Long-term changes in species & geomorphology following passive restoration in Middle Fork John Day

Year: 2023
Presenter/s: Matthew Goslin
Symposium Session: 2023 - 09 - An Open Toolbox: Tools and Assessments to Tackle Complex Questions
Topics covered: adaptive management and monitoring, lessons learned, passive restoration, and riparian


ABSTRACT

The Middle Fork of the John Day River (MFJDR), Oregon, has been the focus of both active and passive restoration efforts since the late 1990s following the establishment of private conservation areas and reforms in U.S. Forest Service cattle grazing management. In the mid-1990s, a multidisciplinary, multi-institutional effort (Oregon State U. & U. Oregon) gathered data on geomorphology, vegetation, and aquatic fauna throughout the MFJDR prior to these management changes. In 2018-2019, a renewed collaborative effort (UO, OSU, Confederated Tribes of the Warm Springs) resurveyed these data across the watershed in order to assess long term changes relative to differing restoration strategies.

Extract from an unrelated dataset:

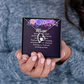 Forever Love Necklace: Mom I Just Want To Say Thank You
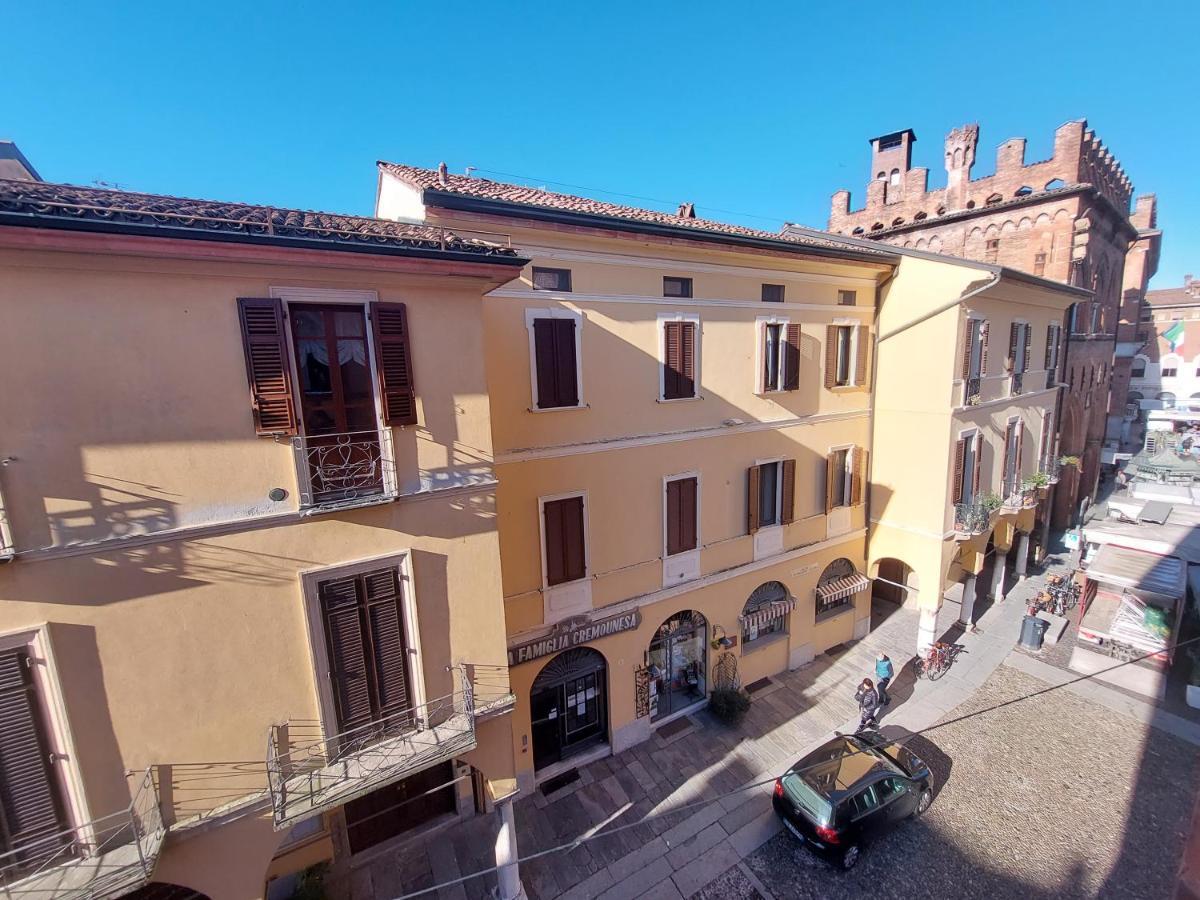 Foresteria La Vista Cremona Exterior photo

Management classes included a) adaptive grazing (private ranches), b) partial passive restoration (U.S. Forest Service, reduced grazing), c) full passive restoration (conservation areas with grazing removed) and d) passive + active restoration. Survey remeasurements were paired with analysis of historic air photo sequences. Here we present results focused on changes in greenline vegetation and channel planform. Greenline surveys showed a dramatic shift in species composition towards perennial, deep-rooted, hydric sedge communities and away from mesic, grass-dominated communities. In particular, the native riparian sedge, Carex nudata, became the most common species. C. nudata’s dense root system allows it to colonize the edge of formerly bare channel bed and bars, facilitating the expansion of other previously absent riparian species behind it. Aerial imagery analysis showed narrower greenline-to-greenline channel widths and increases in channel complexity metrics, changes consistent with restoration goals. The direction of these changes was similar across management classes but were smallest for the adaptive grazing class and greatest for the full passive restoration and passive + active restoration classes with no difference among these two classes.
This study suggests two key messages. 1) While most monitoring efforts have focused on the effectiveness of active restoration projects, the role of passive restoration should be explicitly identified and monitored. In the case presented here, passive restoration was the critical driver of system-wide changes in vegetation as well as geomorphic responses linked to those changes. How particular suites of vegetation could respond to passive restoration should be incorporated within an overall restoration strategy. 2) Whole watershed strategies should not discount the potential contributions of private landowners, and it is critical to include them in the conversations around restoration. While private ranchers in the MFJDR did not have the same stated restoration goals as the conservation areas or public lands, similar changes (of smaller magnitude) were apparent, suggesting that practices may have been evolving in the context of watershed-wide conversations, collaboration, incentives and examples of restoration.